Hi there, I have a question regarding what would be the "recommended" incremental ingestion approach using DLT to pull raw landing data into bronze and then silver?
The original approach I've been considering is to have raw CSV files arrive in a landing dbfs path and ingest it into a bronze `streaming` table (even though it's triggered to run 1-2 times a day). This bronze table would have ALL the raw data ever submitted, regardless of whether it has duplicates or not. Immediately downstream a silver `streaming` table would deduplicate the data and ensure that the data types are set accordingly. Below is code for a single DLT bronze `streaming` table as I'm meaning to ingest it:
<at-symbol>dlt.table
def bronze_table_name():
return (
spark.readStream.format("cloudFiles")
.option("header", "true")
.option("cloudFiles.format", "csv")
.option("inferSchema", "true")
.option("cloudFiles.partitionColumns", "project_id")
.load(f"{dataset_path}/{table_name}")
.select("*", "_metadata.file_name")
)
Alternatively, I've noticed a slightly different pattern that has bronze as a view rather than a table, and then both dedupping and data type enforcement are handled in the silver table.

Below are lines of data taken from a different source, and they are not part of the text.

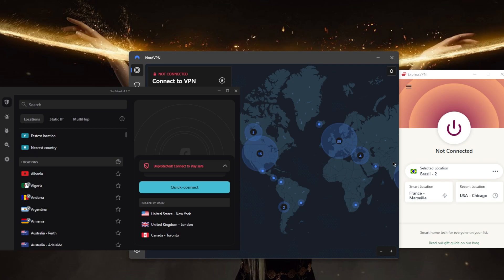Now, whether or not you should turn on the VPN kill switch depends on your personal needs and preferences. If you're concerned about your online privacy and security and you want to ensure that your internet activity is not exposed if the VPN connection is lost, then you may want to turn on the VPN kill switch.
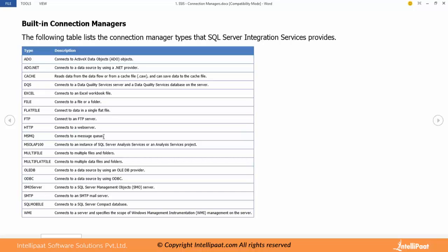These are the connection managers that we have. What are the common connection managers that we use in day to day ETL operations? We will use Excel, we will use File, we will use Flat file, we will use OLEDB, SMTP, and sometimes FTP, HTTP, MSMQ.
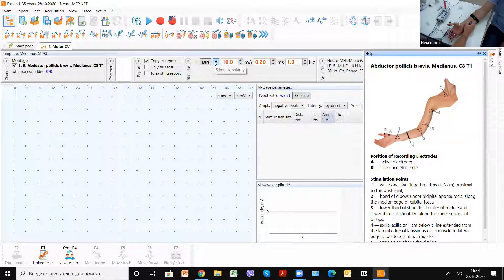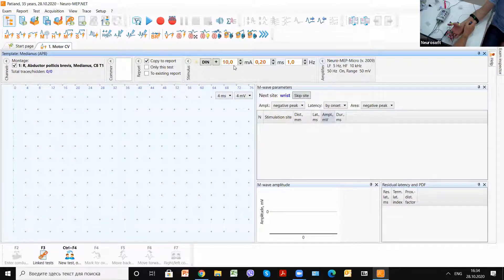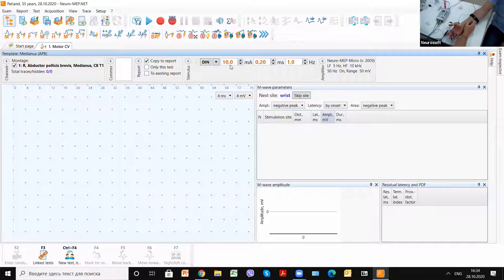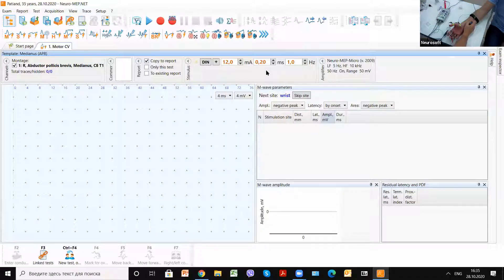For motor conduction velocity we have these parameters to set: intensity and duration of the stimulus. For most nerve conduction studies we get responses at about 10 to 30 milliamps intensity. You can use a duration of 0.1 or 0.2 milliseconds. You can increase or decrease stimulation intensity and duration using the dedicated keyboard. For motor conduction velocity we use single pulse stimulation.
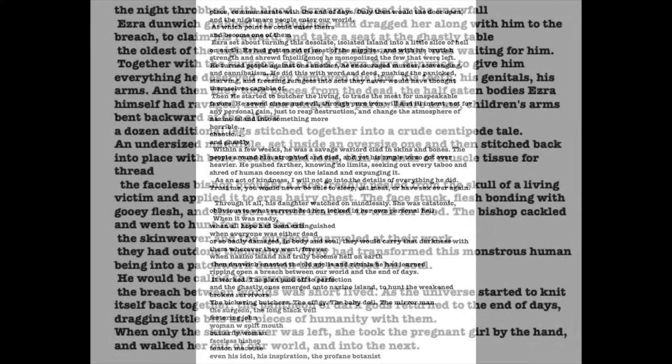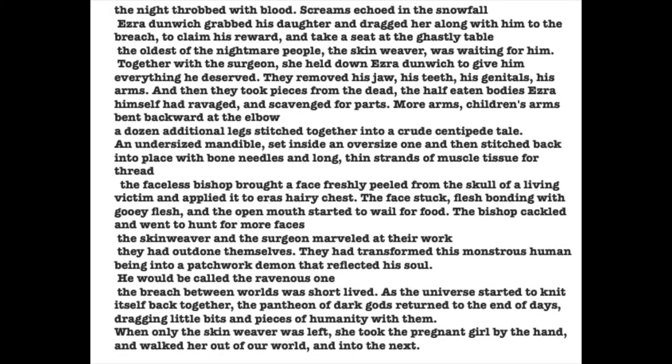Within a few weeks, he was a savage warlord, clad in skins and bones. The people around him atrophied and died, and yet his ample torso got ever thicker. He pushed farther, knowing no limits, seeking out every taboo and shred of human decency on the island and expunging it. As an act of kindness, both to you and myself, I will not go into the details of everything that he did. Trust me, you'd never be able to sleep, eat meat, or have sex ever again. Through it all, his daughter watched on mindlessly. She was catatonic, oblivious to what surrounded her, locked into her own personal hell. When it was ready, when all hope had been extinguished, when everyone was either dead or so badly damaged in body and soul that they would carry that darkness with them wherever they went forever, when Nizino Island had truly become hell on earth, then Dunwich enacted the old spells and rituals that he had learned. He ripped open a breach between our world and the end of days.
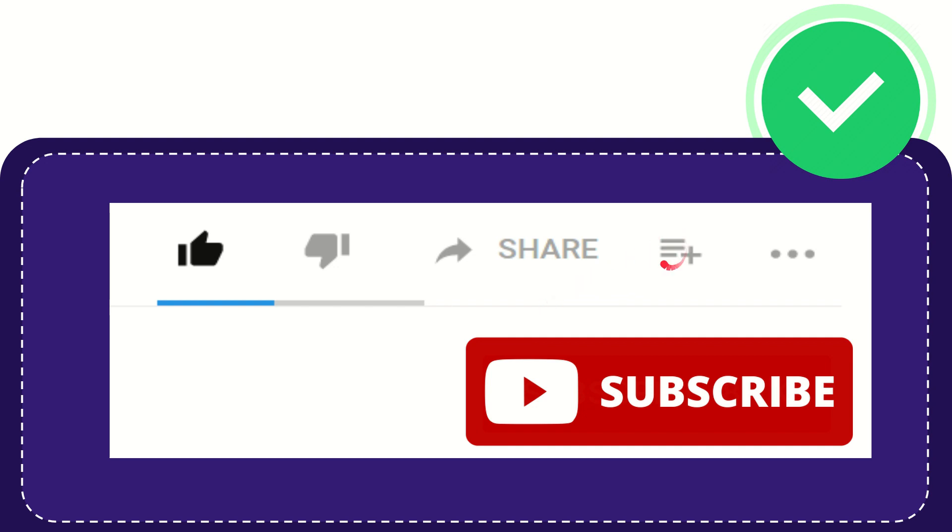And if you want to add this video to your playlist, you can click this button. You can watch this video later and you can find more options by clicking these three dots.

I would appreciate feedback on this matter. In my instance we have some very big tables, so I'm not sure if/when the second approach would make any sense for us since I'm assuming that a bronze view would take more and more "querying" time as the raw datasets keep growing, whereas with my original approach it would only ever process the new raw data on a daily run rather than querying the entire dataset.